TROY — Attendees of the Scottish Chamber Orchestra on Thursday night heard one of the world’s best musicians play one of the finest instruments ever built at Troy Savings Bank Music Hall.
The Troy Chromatic Club is celebrating 125 years of bringing classical music to the Collar City, most often to the venerable music hall on 2nd Street. Thursday evening, the club’s second concert of the season, showcased the Scottish Chamber Orchestra, fronted by its animated young conductor, Maxim Emelyanychev. In addition to promising the performance of Anna Clyne’s Beethoven-inspired “Stride,” the night was to also include Grammy Award-winning violin soloist, Nicola Benedetti.
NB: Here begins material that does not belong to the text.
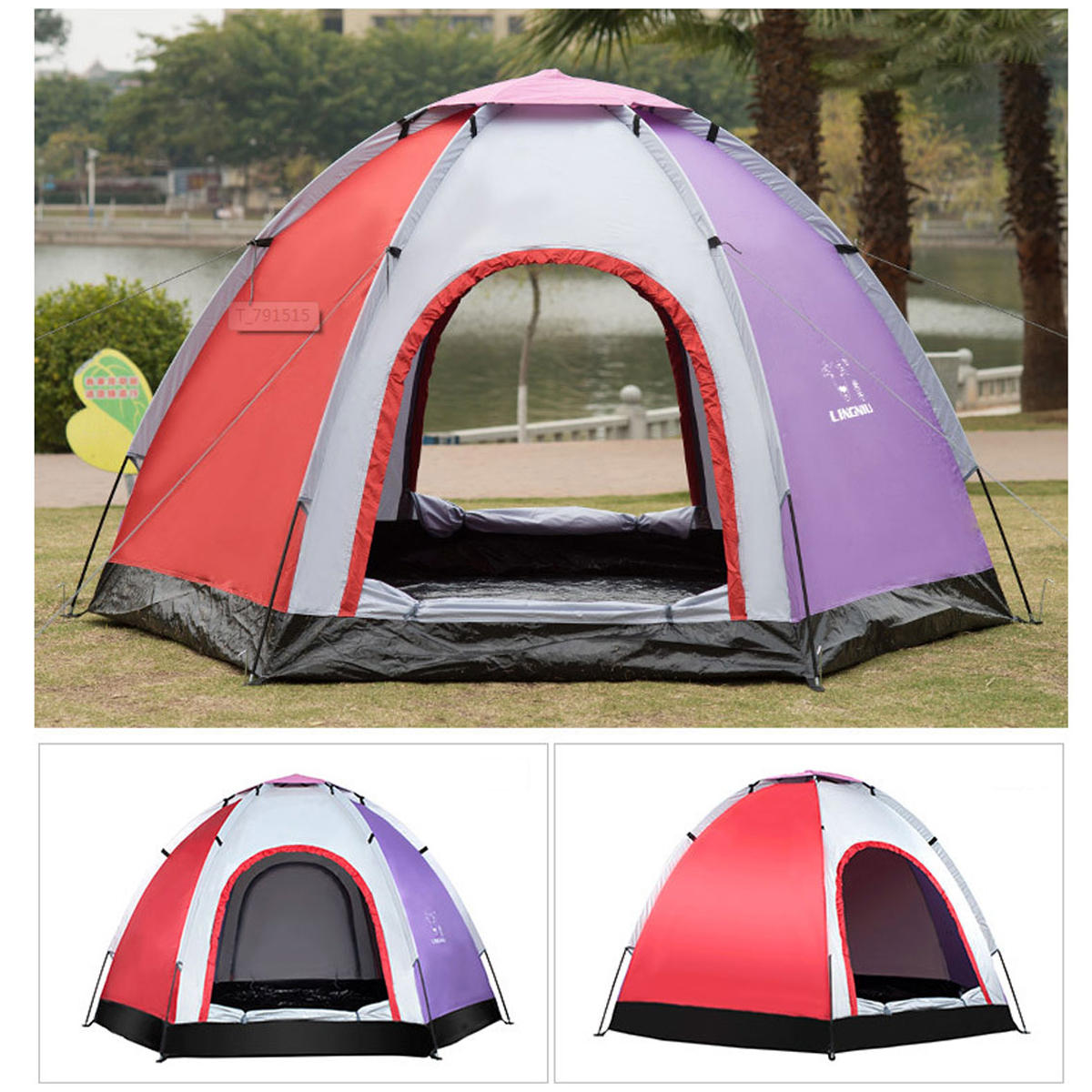Outdoor?5-6?Mensen?Pop-Up?Camping?Tent Waterdicht UV-proof Strand Zonnescherm Onderdak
Clyne is a gifted composer known to use various mediums before finishing a piece of work. For her Grammy Award-nominated composition “Night Ferry,” she fixed seven canvases upon the wall, painting the music as she wrote it. “Stride” was one of three pieces in which she was commissioned to write, celebrating Ludwig von Beethoven’s 250th birthday in 2020. As played by the chamber orchestra, there were elements familiar to the late composer’s “Sonata Pathétique,” from which she drew inspiration. A Bachtrack reviewer once tied it to Alfred Hitchcock’s film, “Psycho,” as it reminded them of the infamous shower scene. Just a few weeks from Halloween, it sounded like an appropriate choice.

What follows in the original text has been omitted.